With the appointment of lesbian activist Kelly Cassidy to represent Edgewater and Rogers Park in the state house, the LGBT community now dominates politics on the north lakefront. Cassidy’s fellow state representative, Greg Harris, is gay. So are both the area’s aldermen -- Tom Tunney of the 44th Ward, and newly-elected James Cappelman of the 46th Ward.
The lakefront is the most gay-friendly part of Chicago. When two men hold hands on Broadway, no one stares. But gays and lesbians aren’t close to a majority there. So why do they hold so many political offices? Probably because they’ve been forced into political activism. As a group long ostracized by law and custom, homosexuals have spent the last 40 years fighting to become equal members of society. They’ve organized and lobbied and demonstrated for laws guaranteeing they can’t be fired or denied housing because of their sexual orientation, and then for laws allowing them to right to marry the people they love. It’s been the last civil rights battle, and it’s brought them into contact with mayors, governors, congressmen and presidents.
A community that political is going to develop a lot of political talent. Cassidy is already well known in Springfield.
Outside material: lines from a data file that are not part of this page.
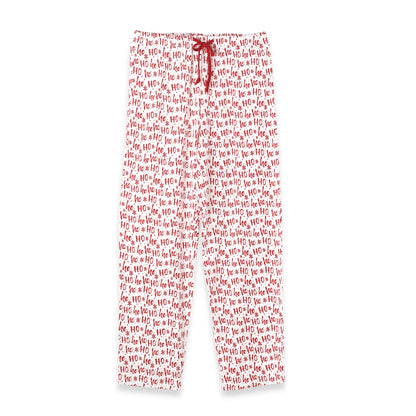 Christmas Ho-Ho-Ho Adult Bamboo Pajama Pants-Family Matching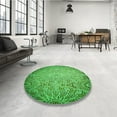 thumbnail image 3 of Ahgly Company Indoor Round Patterned Green Area Rugs, 3' Round, 3 of 6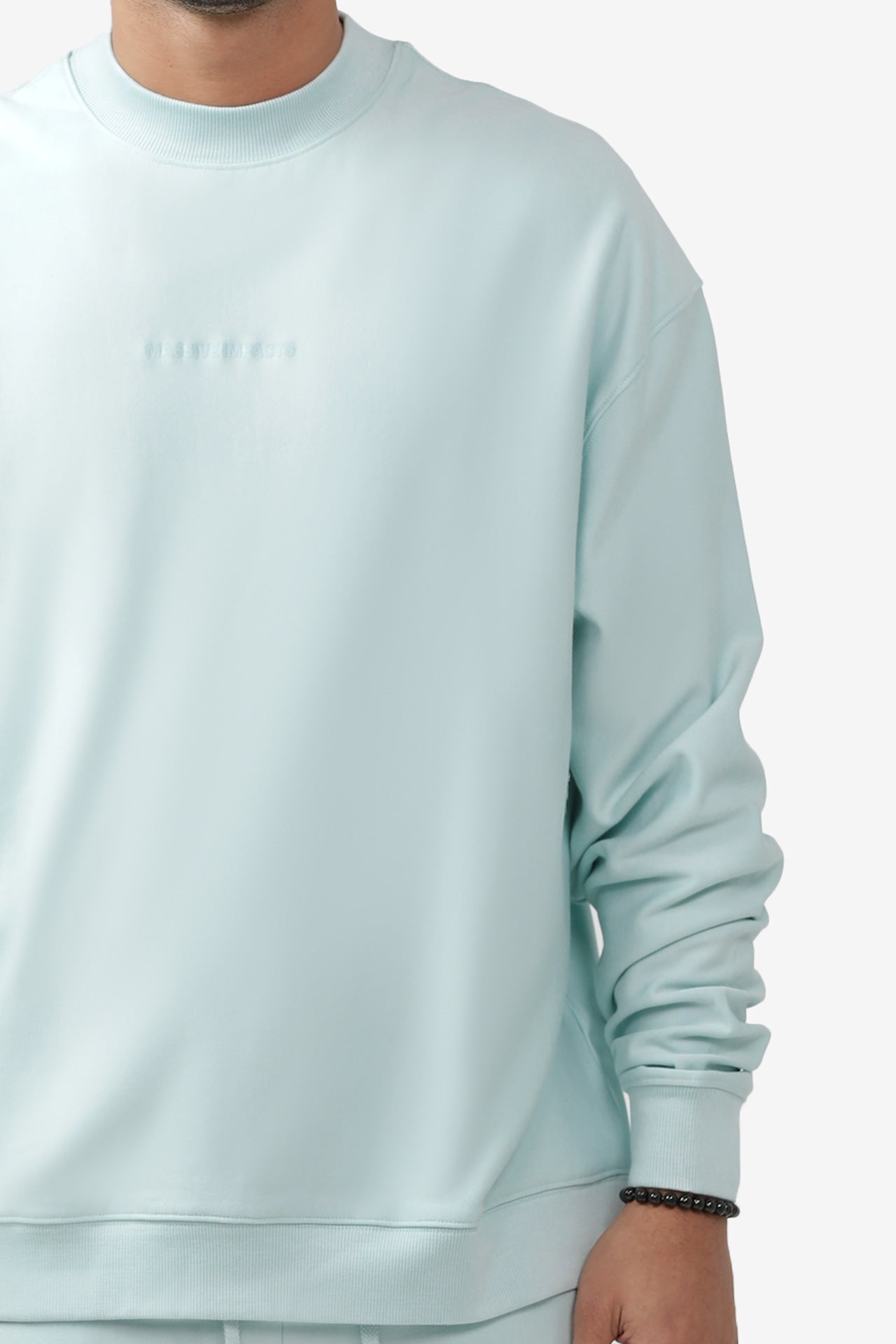 S2J029MI High Neck Oversized Sweatshirt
Here’s Rick Garcia, former director of the Equality Illinois, talking about her in Gay Chicago magazine:
Garcia remembered that in 1996 Cassidy (who had a broken leg) helped organize a major lobby day at the Springfield capitol to oppose the legislative ban on same-sex marriage.
“It was one of our largest lobby days and there was Kelly hobbling around in a foot cast and crutches,” Garcia said. “That is a real commitment to fairness and equality. She will be a strong and effective advocate in Springfield.”
Chicago’s only other openly gay politician is state Rep. Deb Mell. But Mell’s sexual orientation has nothing to do with her political success. She’s the daughter of 33rd Ward Ald. Richard Mell, so she’d have that job even if she practiced plural marriage.